We’re already familiar with the Super Resolution tech that upscales a lower-resolution image to our monitor’s native resolution. Now the A.I. scans two consecutive frames, adds motion vectors to decide which bits of the image are moving and to where and then generates an entirely new image to sit between the two ‘real’ frames. Between Super Resolution and Frame Generation, the A.I. in DLSS 3 is rendering 7 out of 8 pixels in the on-screen image, taking the strain away from the native hardware and providing a potentially huge boost in framerate.
A huge boost? How huge? Well, I haven’t got first-hand experience but the claims from Nvidia are astonishing. Taking Cyberpunk 2077 as an example, they’ve released footage that shows the average framerate almost triples after enabling DLSS 3. That’s with all the bells and whistles turned on!

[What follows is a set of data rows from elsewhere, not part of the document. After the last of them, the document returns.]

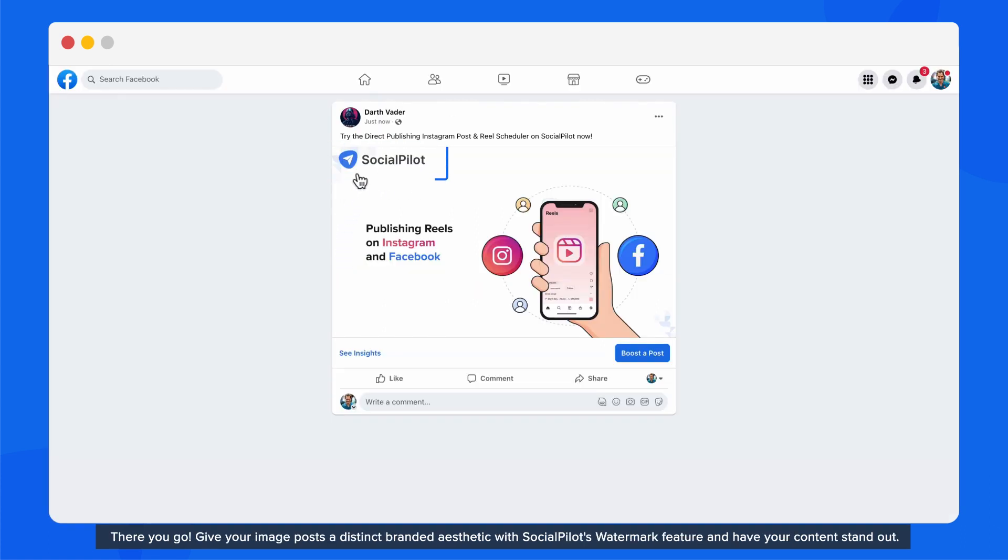Give your image posts a distinct branded aesthetic with SocialPilot's Watermark feature and have your content stand out.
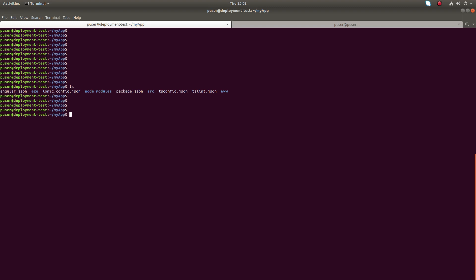I have created an app using Ionic framework. This is the app. Let me serve this app using the ionic serve command.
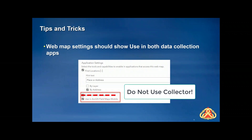In web map settings, if you scroll to the bottom with Field Maps, you will now have options that say 'Use ArcGIS Collector' and 'Use ArcGIS Field Maps Mobile.' If you create a web map that has no editable features, oftentimes it will uncheck the box for using ArcGIS Collector. There are different functionalities for Collector and for Field Maps — Field Maps will allow you to access web maps that do not have editing enabled for all services. Just be aware that both of these boxes are checked.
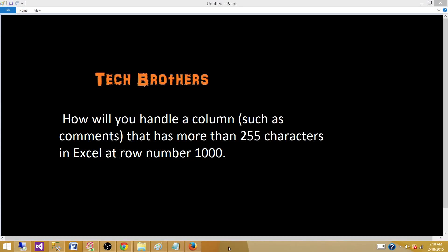Tech Brothers with Amit. Today we are going to answer this question: How will you handle a column such as comments that has more than 255 characters in Excel at row number 1000?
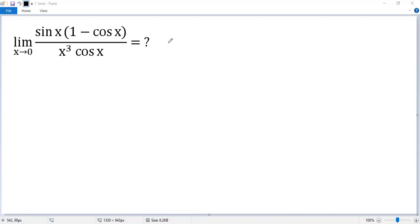Today we want to apply the method called equivalent infinitesimal. The key idea of this method is to replace some factor by a simpler one. Let's see how.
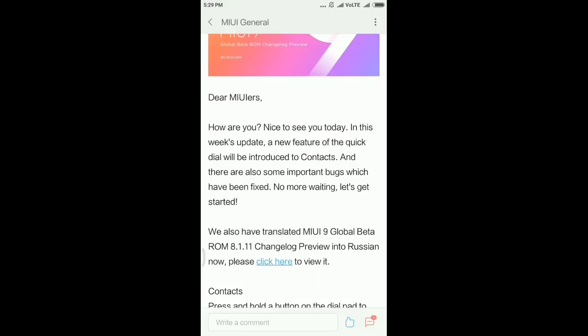In this update, a new feature called Quick Dial will be introduced to Contacts, and minor bugs are fixed. This is the major change in this update.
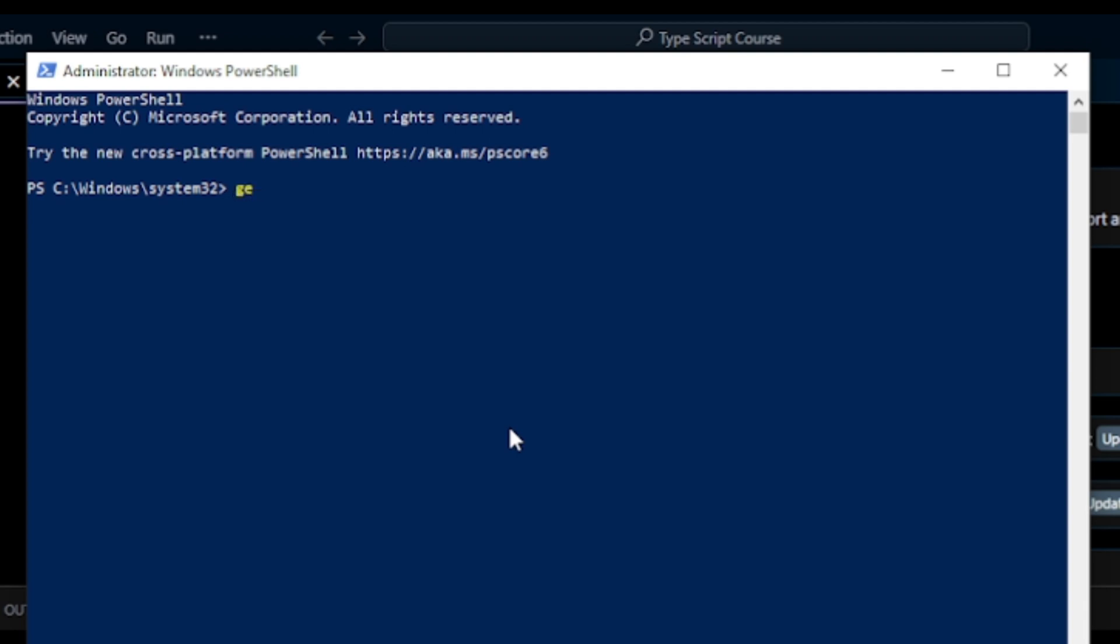So for that, here I write get-executionpolicy, press Enter, and here you can see I get restricted.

Running on the powerhouse RTX 4090m Nvidia claim increases from mid-40 FPS to almost 150 FPS! This makes the upgrade from a 30-series GPU to a 40-series seem like one hell of a leap when compared to the relatively mundane step from the 20-series to the 30-series.
The RTX 4090 is a massively powerful piece of kit even without its A.I. box of tricks but it costs four figures, an insane amount for the average gamer. Those of us with shallower pockets need to keep an eye on the 4060 and 4070 GPUs to see if they return similar increases with DLSS 3, particularly at 1080p and 1440p.
One criticism of the new tech, like a lot of criticism aimed at A.I.-powered images, is that it’s not real. If DLSS 3 creates fake frames between 2 real frames it gives the impression of greater FPS but the extra images aren’t real. They’re best guesses at what might happen in between.
Does it matter if the extra frames aren’t real if you can’t tell the difference? And does it matter if the card can produce these images faster than the human eye can detect? Isn’t it a good thing that a card equipped with DLSS 3 can produce 60 FPS gaming without stressing the GPU and without requiring a small solar farm to feed its insatiable appetite for power?
One thing’s for sure, the stand-out feature of the RTX cards is not the one they were originally sold on. You can take your ray tracing and shove it where the perfectly rendered sun doesn’t shine. Ask me to pick a side in Ray Tracing vs DLSS and I’ll take every bit of DLSS-assisted performance boost you can give me.
Nvidia has only just started with DLSS 3. There’ll be plenty of driver updates to come and we’ll see support for DLSS 3 spreading further into the PC games library. Our games will gradually become more playable, more efficient, and capable of running at higher resolutions on lesser hardware. That ultimately means PC gaming gets cheaper! Surely that’s worth far more than a few shiny reflections on a damp city street?